Un paio di anni addietro, mi è capitato di partecipare alla tonnara Bordonaro alla commemorazione di Libero Grassi, il primo imprenditore che a Palermo aveva osato opporsi alla violenza del racket. In quella circostanza, oltre alla vedova Pina Maisano, ai ragazzi di Addio Pizzo, ad autorità e magistrati, era presente il giornalista milanese Gianni Barbacetto, corrispondente di cronaca giudiziaria dal capoluogo lombardo per conto de Il Fatto Quotidiano, giornale del quale è considerato una delle principali firme, nonché direttore dell’Omicron (Osservatorio Milanese sulla Criminalità Organizzata al Nord) . Ebbene, Barbacetto, presa la parola, ha lodato gli enormi passi avanti fatti dalla società civile palermitana nell’arco degli ultimi decenni, la nascita delle associazioni, il proliferare delle denunce, la scomparsa di quel clima di omertà che aveva in sostanza finito per costituire una sorta di luogo comune dell’essere siciliani.

Una consapevolezza, insomma, che al dire di Barbacetto deve porsi come modello per qualsiasi altra comunità che voglia opporsi seriamente al fenomeno mafioso. Raccontando dei tanti processi di mafia a cui aveva assistito per lavoro, il giornalista riferiva di un clima di omertà da parte di gran parte degli imprenditori milanesi, talora anche di fronte all’evidenza delle intercettazioni telefoniche, rivelatrice di  una sottovalutazione o di una sudditanza nei confronti del problema mafioso, tale da indurre Barbacetto a concludere dicendo che “da noi siamo indietro di trent’anni rispetto a Palermo nella percezione del fenomeno”.  E proprio di questi trent’anni vuole raccontarci il film, di quel difficile percorso riconosciuto dallo stesso giornalista de Il Fatto Quotidiano, di quel doloroso processo di crescita diventato ormai parte irrinunciabile della complessa condizione dell’essere Palermitani. Un film che se nel suo genere non può definirsi a pieno titolo un capolavoro (come certamente lo è “I cento passi”), può forse dirsi un “quasi capolavoro”, secondo una definizione ricorrente in alcune recensioni diffuse in questi giorni.

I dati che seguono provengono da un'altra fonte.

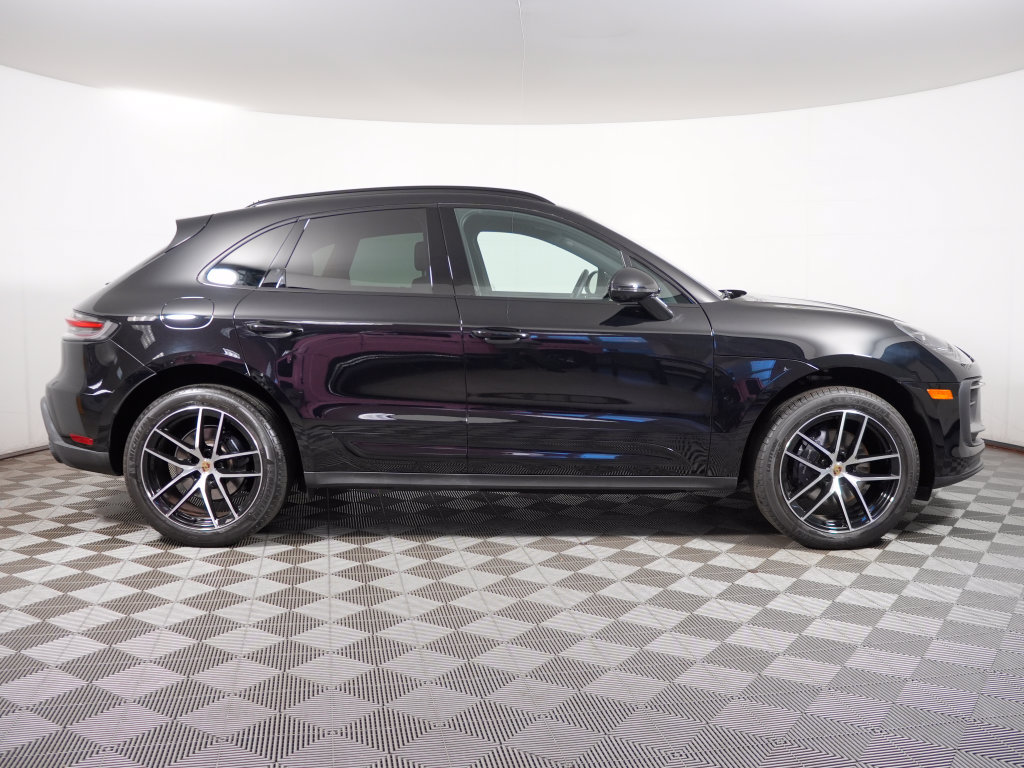 Certified 2025 Porsche Macan w/ Premium Package Plus AWD/4WD image 8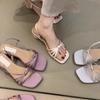 Calzado para mujer – Sandalias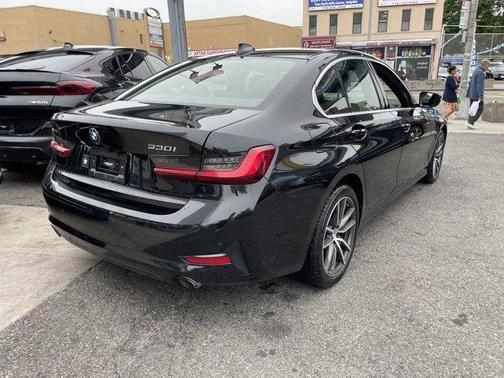 2022 BMW 330 i xDrive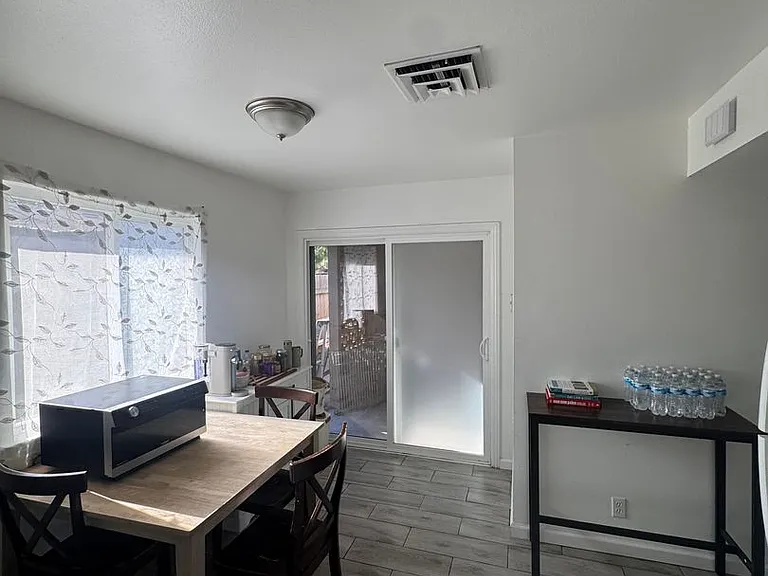 1020 E Brown Ave — Photo 10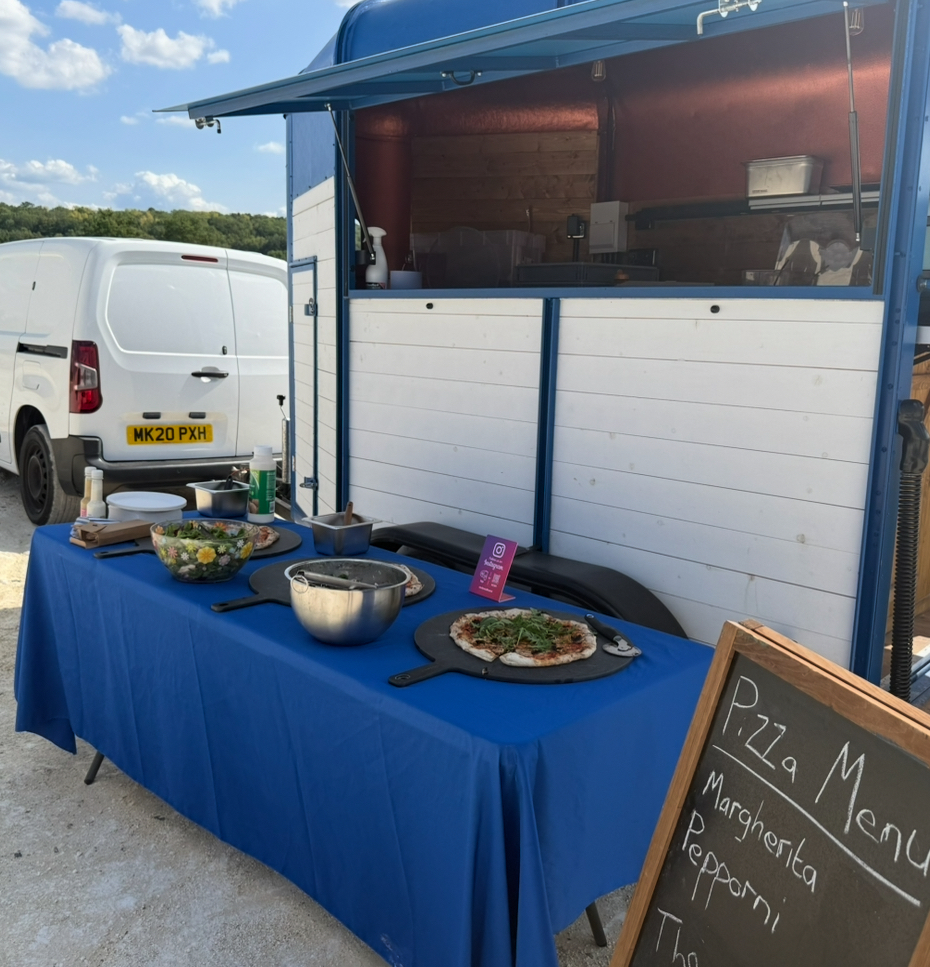 The Ultimate NYC Slice Party – Stone-Baked Pizza Catering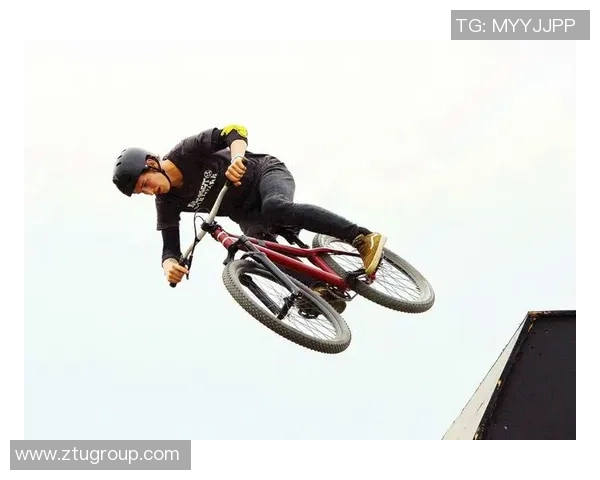 极限运动纪实:记录成都极限运动队的奋斗经历_1 极限运动纪实:记录成都极限运动队的奋斗经历_1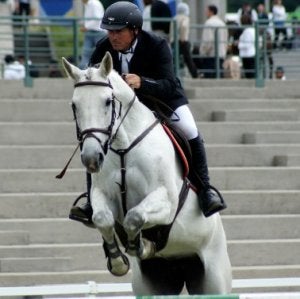 Antonio Honrubia en un salto con 'Oslo V'. ::
S. V./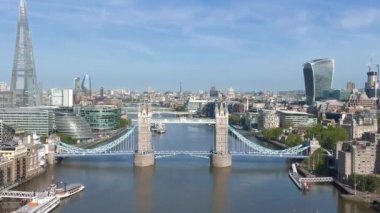 Londra 'daki Tower Bridge' in havadan görüntüsü. Londra 'nın en ünlü köprülerinden ve görülmesi gereken simgelerinden biri. Londra Kule Köprüsü 'nün güzel manzarası.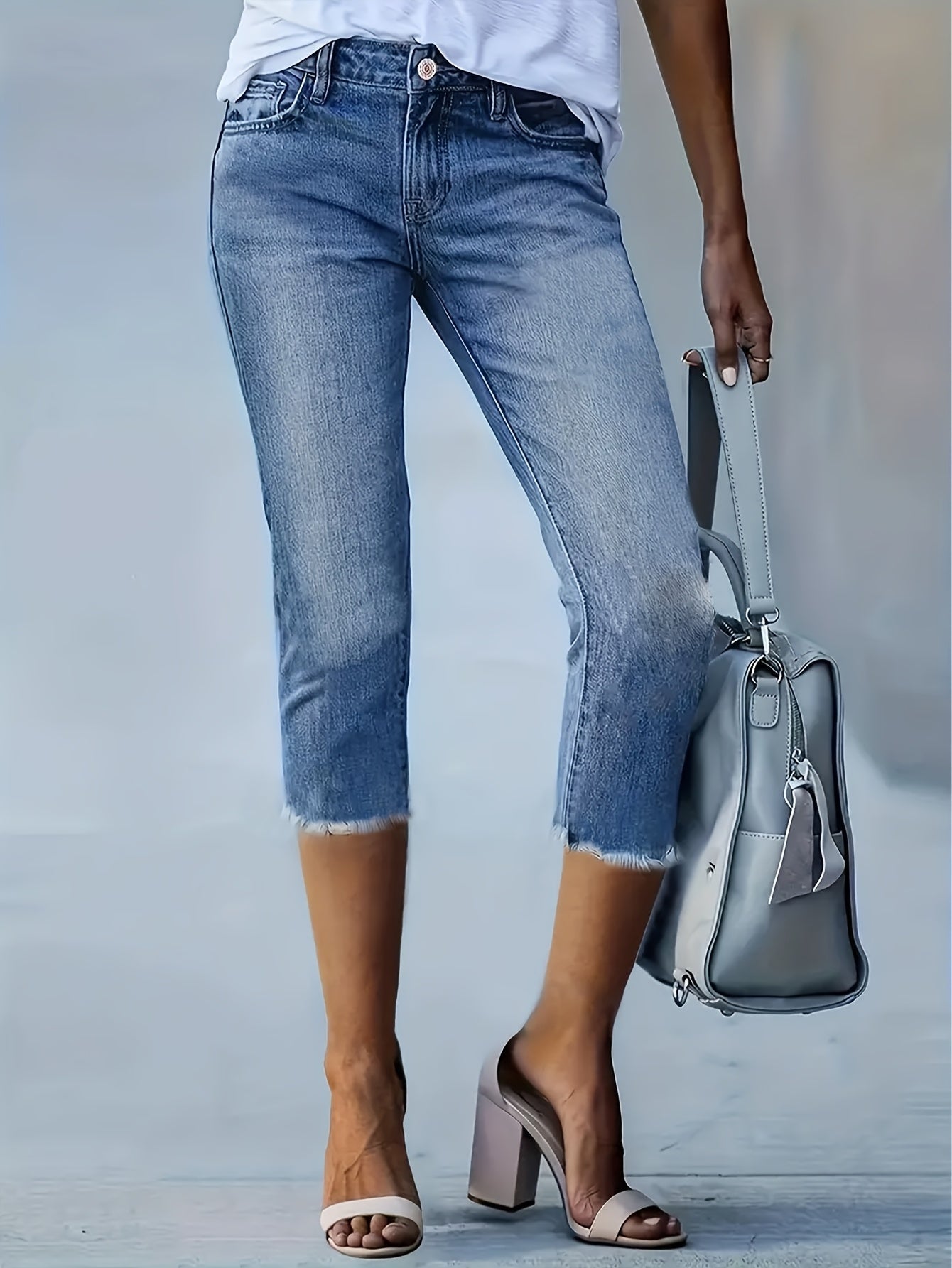 Women's Casual Shorts - Stretch Comfort – Sizes S–XL detail view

 Ormai da alcune settimane la proiezione del film è proposta alle scuole cittadine di ogni ordine e grado che con ampio afflusso hanno aderito all’iniziativa, dalle elementari ai licei. L’auspicio è che questo grande interesse possa concorrere a creare nelle nuove generazioni una nuova consapevolezza che, a Palermo come altrove, crei le basi di una conoscenza che spezzando la fatalistica meccanica di derivazione eschilea superi l’anello della sofferenza come passaggio ineluttabile; evitando così che si possa ripetere ciò che è accaduto a Palermo e di cui la nostra generazione è stata attonita testimone prima di tradurre in ribellione la propria indignazione.